* _INFORMATION SUPPLIED_:
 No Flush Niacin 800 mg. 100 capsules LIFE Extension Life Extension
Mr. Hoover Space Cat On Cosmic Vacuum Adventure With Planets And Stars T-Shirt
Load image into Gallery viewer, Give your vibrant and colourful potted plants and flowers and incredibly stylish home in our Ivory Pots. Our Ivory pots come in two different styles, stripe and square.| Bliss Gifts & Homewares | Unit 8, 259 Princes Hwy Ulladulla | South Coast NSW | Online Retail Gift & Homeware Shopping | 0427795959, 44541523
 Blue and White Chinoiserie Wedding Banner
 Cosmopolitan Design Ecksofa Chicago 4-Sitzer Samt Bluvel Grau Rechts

--

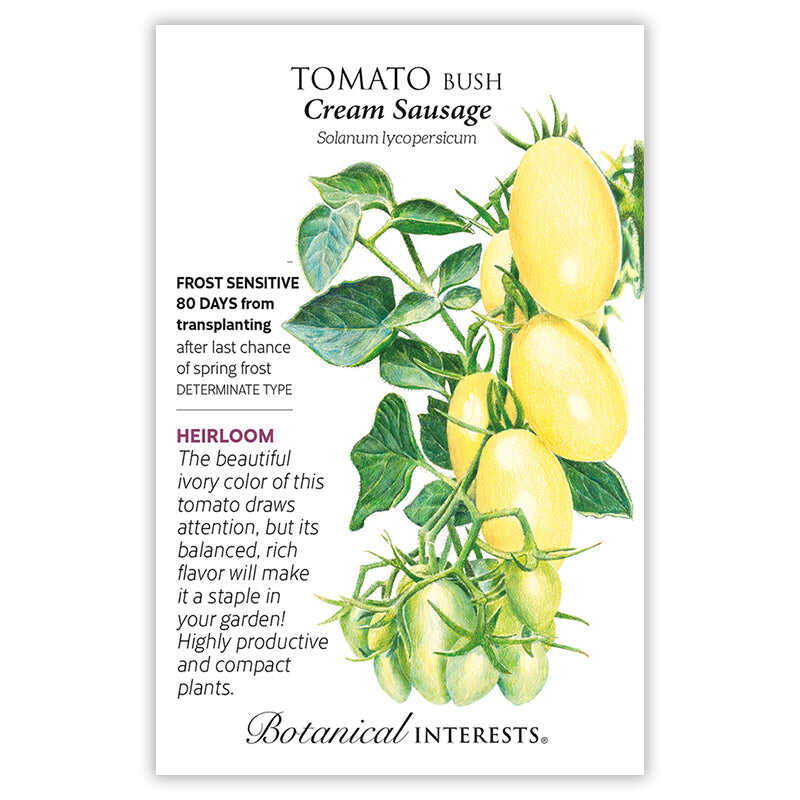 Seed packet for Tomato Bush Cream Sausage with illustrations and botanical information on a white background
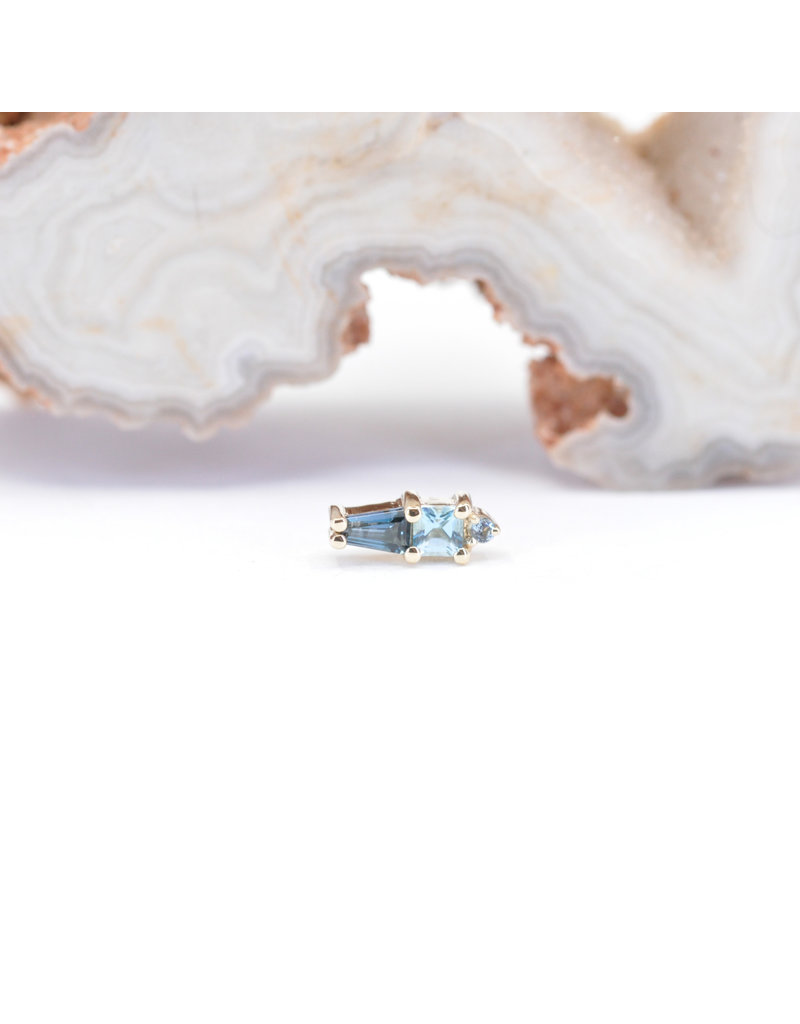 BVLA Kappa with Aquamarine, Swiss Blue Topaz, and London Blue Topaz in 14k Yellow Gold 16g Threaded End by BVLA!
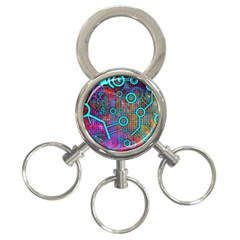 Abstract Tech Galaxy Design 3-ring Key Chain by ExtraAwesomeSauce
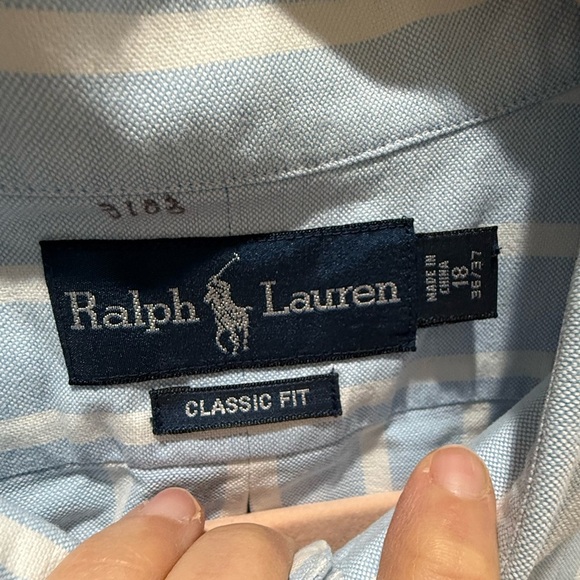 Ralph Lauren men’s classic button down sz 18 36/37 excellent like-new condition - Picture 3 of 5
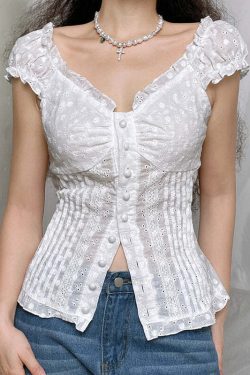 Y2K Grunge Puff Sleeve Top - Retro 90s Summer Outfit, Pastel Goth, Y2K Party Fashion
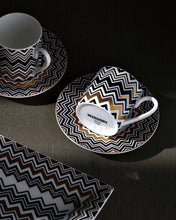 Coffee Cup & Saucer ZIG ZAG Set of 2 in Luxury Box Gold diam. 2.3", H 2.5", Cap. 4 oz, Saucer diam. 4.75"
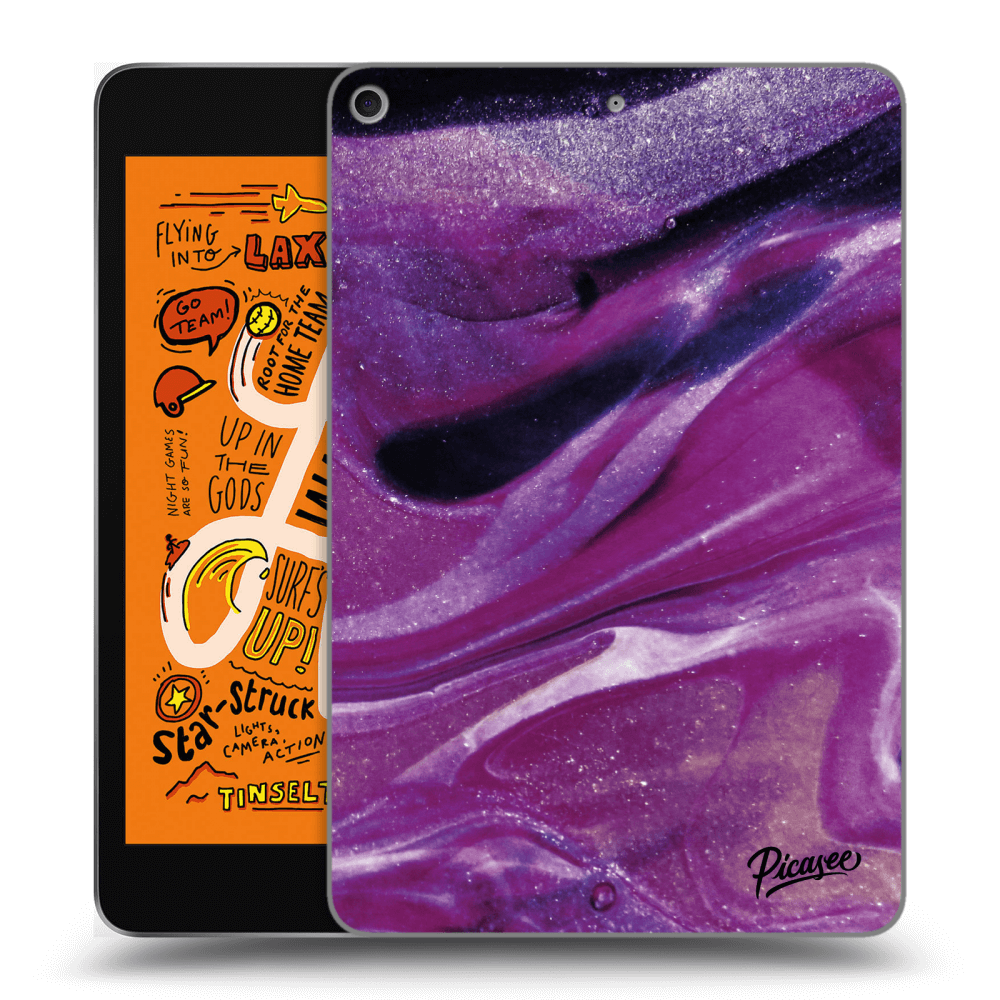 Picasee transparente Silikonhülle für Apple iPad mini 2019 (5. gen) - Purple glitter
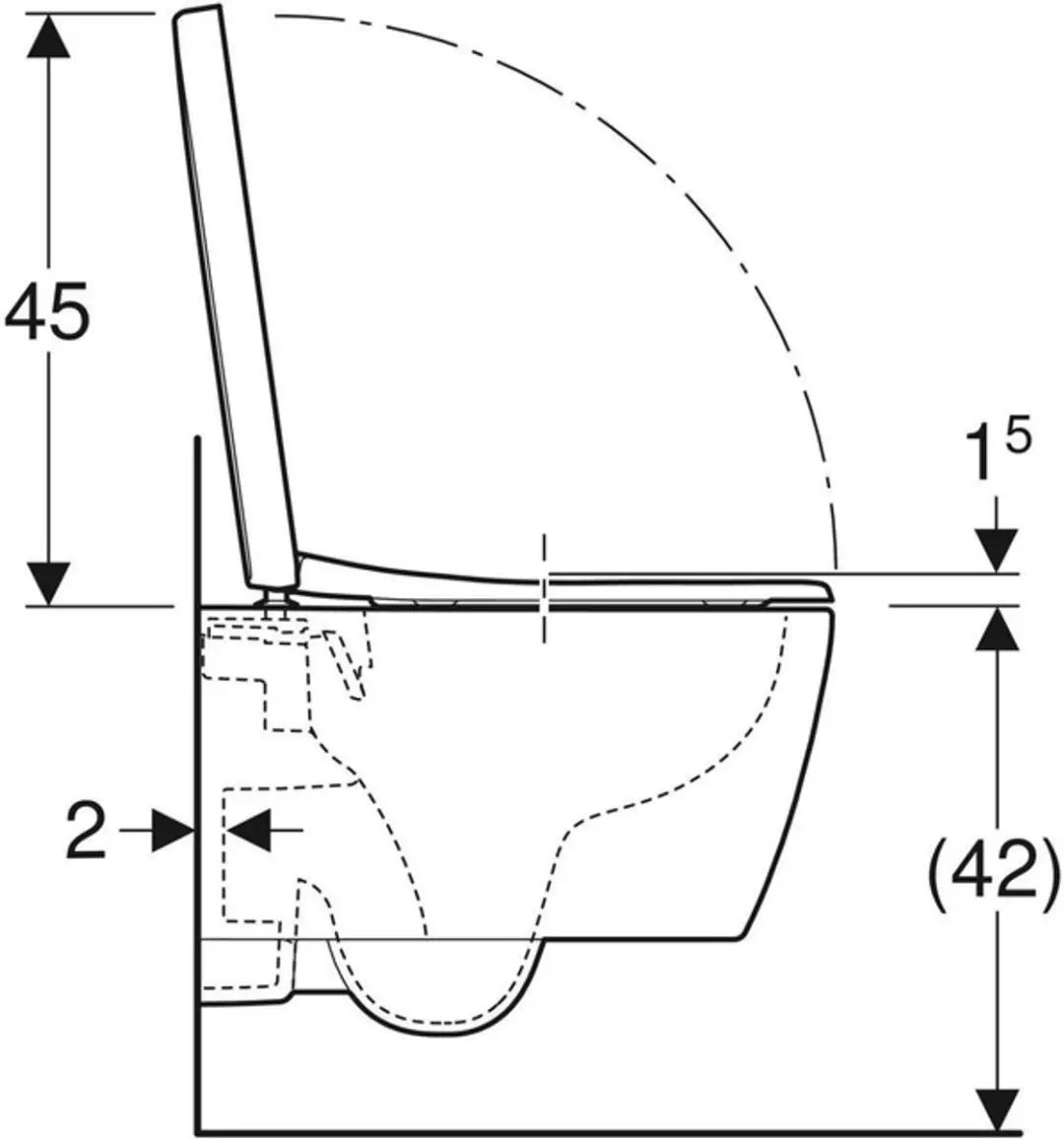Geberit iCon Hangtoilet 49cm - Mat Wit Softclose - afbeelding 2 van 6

==

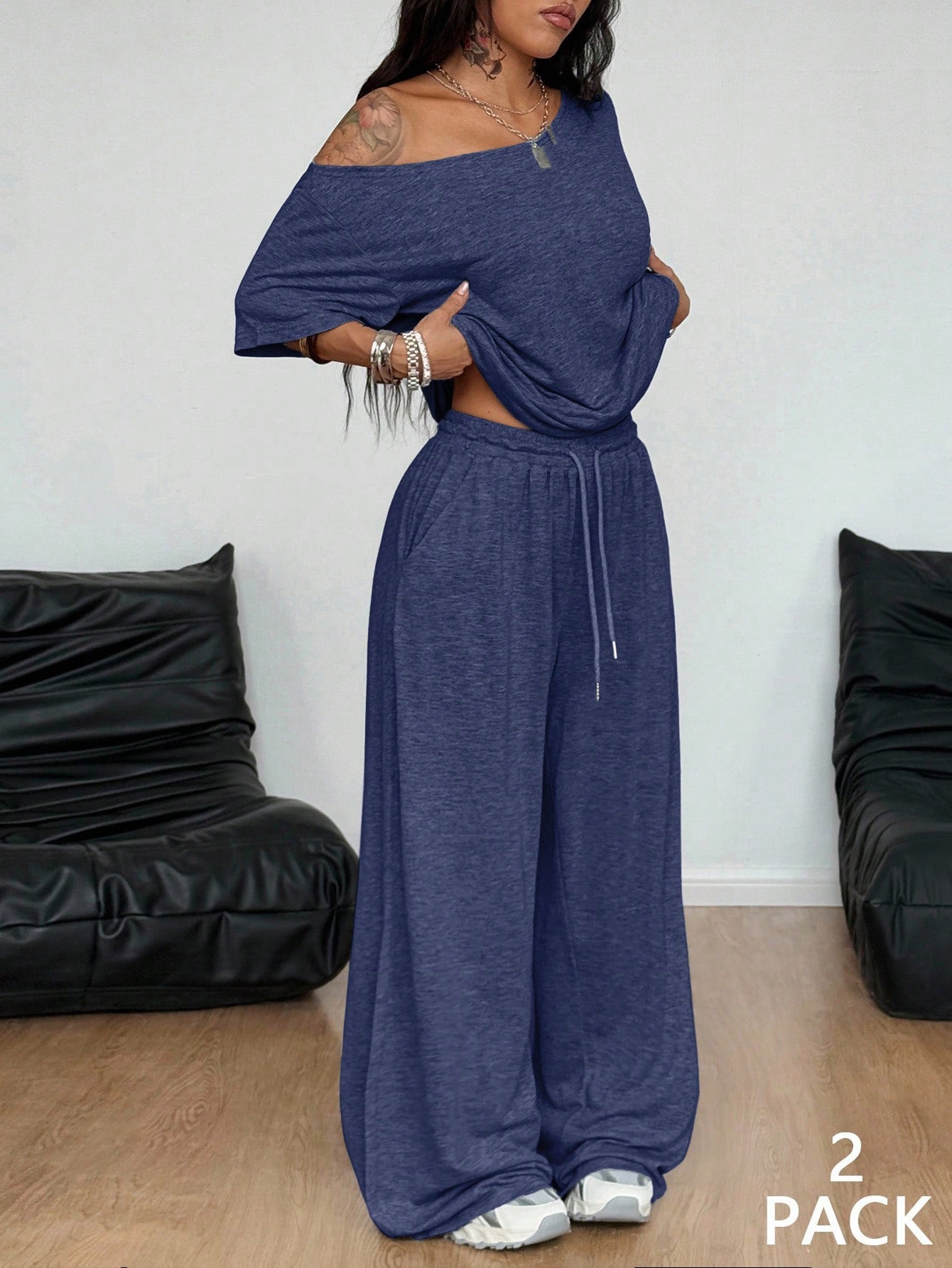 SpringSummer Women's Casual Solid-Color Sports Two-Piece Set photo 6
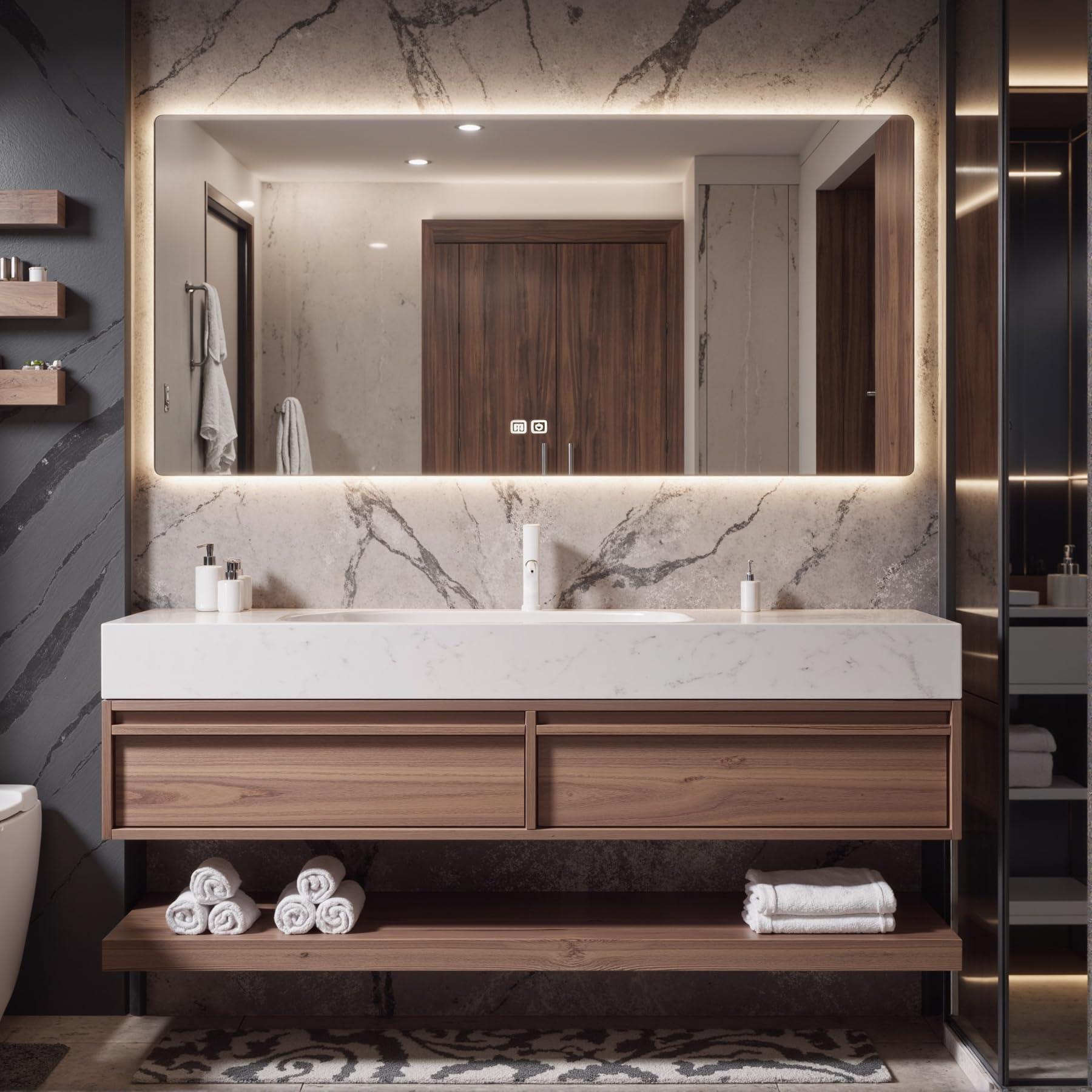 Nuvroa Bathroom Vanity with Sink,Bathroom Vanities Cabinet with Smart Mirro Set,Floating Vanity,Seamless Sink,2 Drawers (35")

* _WHAT IS EXPECTED_: Every line from the one with "Seed packet for" through the one with "Geberit iCon Hangtoilet" is to be reproduced exactly as written above, and the pictures are to be dropped.

* _REPLY TO THE TASK_:
 Seed packet for Tomato Bush Cream Sausage with illustrations and botanical information on a white background
 BVLA Kappa with Aquamarine, Swiss Blue Topaz, and London Blue Topaz in 14k Yellow Gold 16g Threaded End by BVLA!
 Abstract Tech Galaxy Design 3-ring Key Chain by ExtraAwesomeSauce
 Ralph Lauren men’s classic button down sz 18 36/37 excellent like-new condition - Picture 3 of 5
 Y2K Grunge Puff Sleeve Top - Retro 90s Summer Outfit, Pastel Goth, Y2K Party Fashion
 Coffee Cup & Saucer ZIG ZAG Set of 2 in Luxury Box Gold diam. 2.3", H 2.5", Cap. 4 oz, Saucer diam. 4.75"
 Picasee transparente Silikonhülle für Apple iPad mini 2019 (5. gen) - Purple glitter
Geberit iCon Hangtoilet 49cm - Mat Wit Softclose - afbeelding 2 van 6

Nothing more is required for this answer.